By Jorgelina do Rosario and Jorge Otaola
LONDON (Reuters) -Argentina’s government is in final talks with International Monetary Fund officials to ease foreign exchange reserves targets for 2023 under the country’s $44 billion program, two sources close to the matter told Reuters.
The move comes as the South American commodities exporter is facing the worst drought in 60 years, which has pummeled soy, corn and wheat crops, compromising already weak foreign exchange reserves.
Discussions include the impact of the drought on 2023 goals for net reserves, said an Argentina economy ministry adviser who asked not to be named because the talks were ongoing.
Talks are now focused on agreeing on exact figures, said one of the sources.

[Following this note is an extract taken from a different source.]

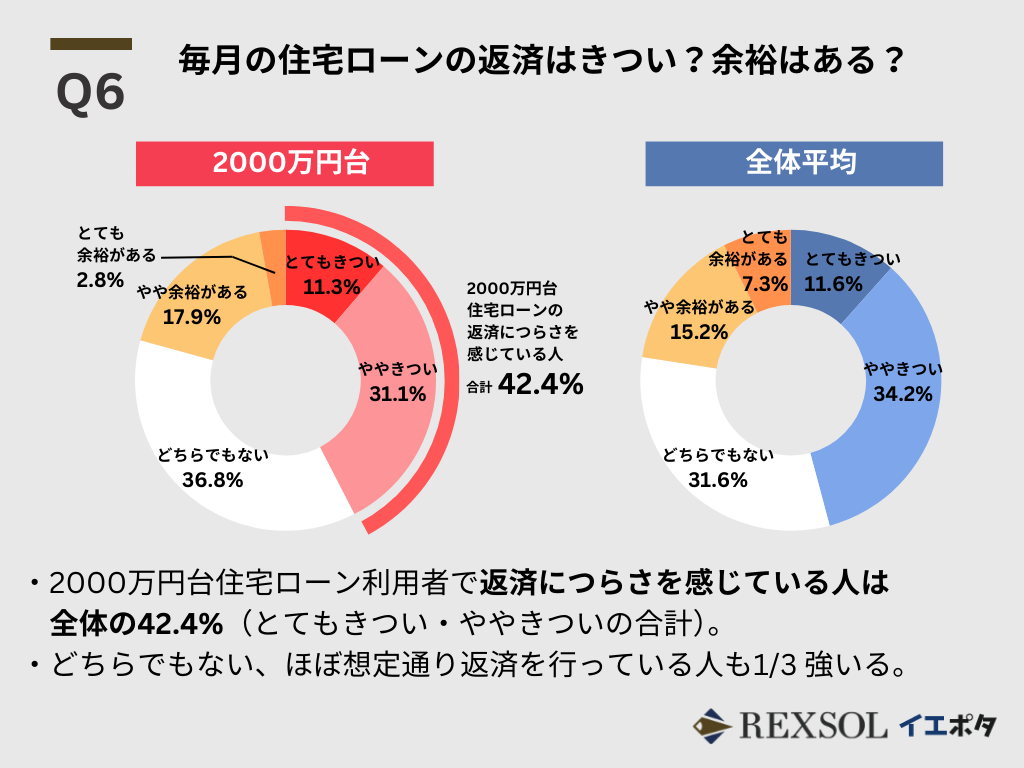 毎月の住宅ローンの返済はきつい？余裕はある？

An Argentine government source, who asked not to be named because discussions are private, said talks are ongoing but nothing is defined yet.
Officials for the Economy Ministry declined to comment.
A spokesperson for the IMF declined to comment as the technical work is still ongoing.
A group of representatives from Argentina’s central bank and Economy Ministry arrived in Washington this week for the fourth review of the extended fund facility program approved in March 2022, after a failed bailout four years earlier.
Meanwhile, Economy Minister Sergio Massa met with IMF Managing Director Kristalina Georgieva on the sidelines of the Group of 20 meetings in Bengaluru, India.
The discussions to change the central bank net reserves targets for this year are pre-emptive, as the country did meet its end-December 2022 net reserves targets, another source added.
The world’s top exporter of soy oil and meal is also facing a rise in import costs of energy and fertilizers due to the war in Ukraine, adding pressure to much-needed dollar reserves.
Net reserves today stand at around $4.4 billion, according to calculations from Buenos Aires-based brokerage firm PPI Inversiones.
Under the latest review, Argentina had been set the target of net reserves to increase by $5.5 billion at the end of March and $9.8 billion at the end of the year.